Tout appliquée, j’écris soigneusement dans mon cahier : maman aime papa. Je dessine de jolies courbes, comme l’a conseillé la maîtresse. Je m’applique, je m’applique, ouh la la ! J’y mets tout mon cœur, parce qu’un jour, mamie m’a dit que la pensée était créatrice. Et si la croyance est la plus efficace des baguettes magiques, si j’y crois fort fort, tout va bien se passer. C’est pas que je m’inquiète, mais quand même. Mes copains, ils ont tous deux maisons, alors à force, j’ai un peu la trouille. Il paraît qu’on se fait à tout, mais moi j’ai un doute. Je me demande si c’est pas un peu pour se rassurer qu’ils disent ça les parents séparés.
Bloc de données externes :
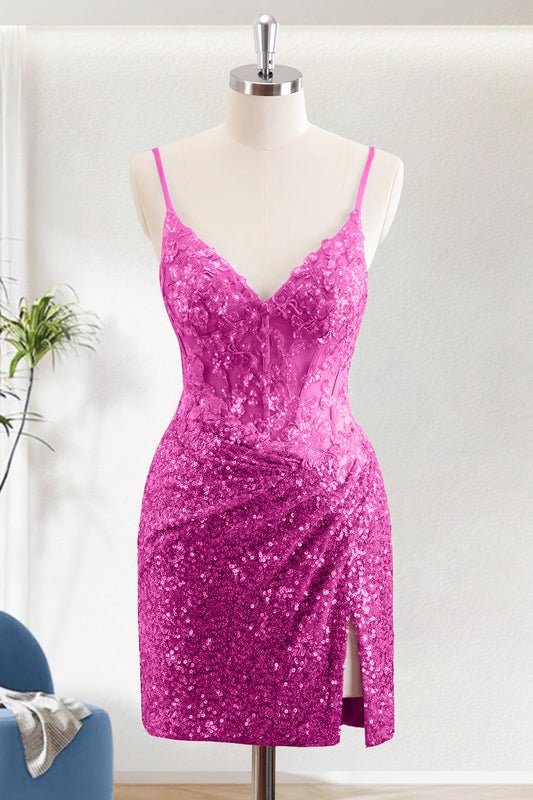 Sparkly Fuchsia Bodycon V-Neck Short Corset Homecoming Dress With Slit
L’autre matin, j’étais devant l’école. Un monsieur attendait en salopette bleue à la grille. Je croyais que c’était un papa plombier, mais j’étais pas sûre. Je l’ai regardé avec mes grands yeux (c’est mon papa qui dit toujours que j’ai des grands yeux, c’est pour ça que je passe des heures à observer). Là, j’ai rien compris. Il m’a donné une pièce : « C’est pour la petite souris, il paraît qu’elle est passée cette nuit ! »
Comment il savait ? C’était vrai, la petite souris était passée, parce que la veille ma dixième dent était tombée. Il faut dire qu’on a perdu notre chat Pépite lors du déménagement (il n’a jamais voulu monter dans la voiture, il s’est sauvé au moment de partir). Le chat parti, les souris dansent, parait-il. Ça doit être pour ça que les souris n’en ratent pas une, c’est la fête chez moi, avec toutes ces dents de lait qui tombent les unes après les autres.
Quand je suis rentrée chez nous, j’avais très soif, alors j’ai couru dans la cuisine. Ouf, le robinet était réparé, ça faisait une semaine qu’on bricolait avec les tuyaux, parce qu’on avait une fuite. Mais comme les artisans sont toujours très demandés, le plombier décalait chaque jour le rendez-vous. Ça énervait beaucoup maman d’ailleurs. Je ne sais pas pourquoi, elle répétait à chaque fois « qui chasse deux lièvres n’en prend pas un ». Il faut croire qu’il était très occupé ce monsieur.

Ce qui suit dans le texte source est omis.